Hornbill is one of two mobile malware families known to be used by the APT Confucius. Analysis suggests that Hornbill was first active in early 2018. While Hornbill and Sunbird overlap in core capabilities, Hornbill has tools and behaviors suggesting more passive reconnaissance.[1]

HotCroissant is a remote access trojan (RAT) attributed by U.S. government entities to malicious North Korean government cyber activity, tracked collectively as HIDDEN COBRA.[1] HotCroissant shares numerous code similarities with Rifdoor.[2]

HummingBad is a family of Android malware that generates fraudulent advertising revenue and has the ability to obtain root access on older, vulnerable versions of Android. [1]

HummingWhale is an Android malware family that performs ad fraud. [1]
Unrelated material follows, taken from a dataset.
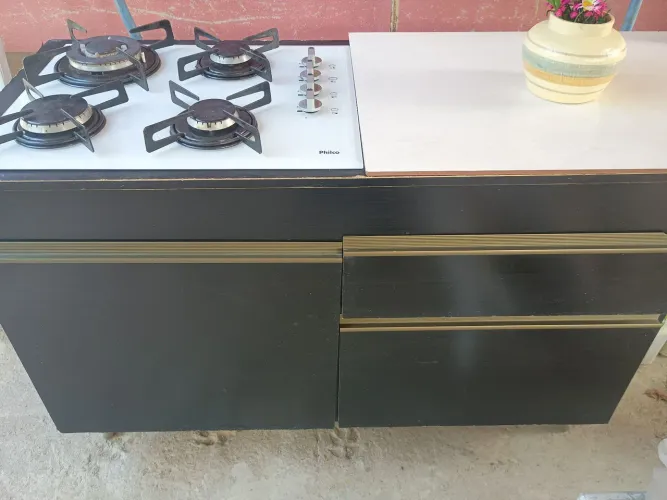 Fogão Cooktop com armário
Hydraq is a data-theft trojan first used by Elderwood in the 2009 Google intrusion known as Operation Aurora, though variations of this trojan have been used in more recent campaigns by other Chinese actors, possibly including APT17.[1][2][3][4][5][6][7][8]

HyperBro is a custom in-memory backdoor used by Threat Group-3390.[1][2][3]

HyperStack is a RPC-based backdoor used by Turla since at least 2018. HyperStack has similarities to other backdoors used by Turla including Carbon.[1]

IMAPLoader is a .NET-based loader malware exclusively associated with CURIUM operations since at least 2022. IMAPLoader leverages email protocols for command and control and payload delivery.[1]

INC Ransomware is a ransomware strain that has been used by the INC Ransom group since at least 2023 against multiple industry sectors worldwide. INC Ransomware can employ partial encryption combined with multi-threading to speed encryption.[1][2][3]

INCONTROLLER is custom malware that includes multiple modules tailored towards ICS devices and technologies, including Schneider Electric and Omron PLCs as well as OPC UA, Modbus, and CODESYS protocols. INCONTROLLER has the ability to discover specific devices, download logic on the devices, and exploit platform-specific vulnerabilities. As of September 2022, some security researchers assessed INCONTROLLER was developed by CHERNOVITE.[1][2][3][4][5]

INSOMNIA is spyware that has been used by the group Evil Eye.[1]

IPsec Helper is a post-exploitation remote access tool linked to Agrius operations. This malware shares significant programming and functional overlaps with Apostle ransomware, also linked to Agrius. IPsec Helper provides basic remote access tool functionality such as uploading files from victim systems, running commands, and deploying additional payloads.[1]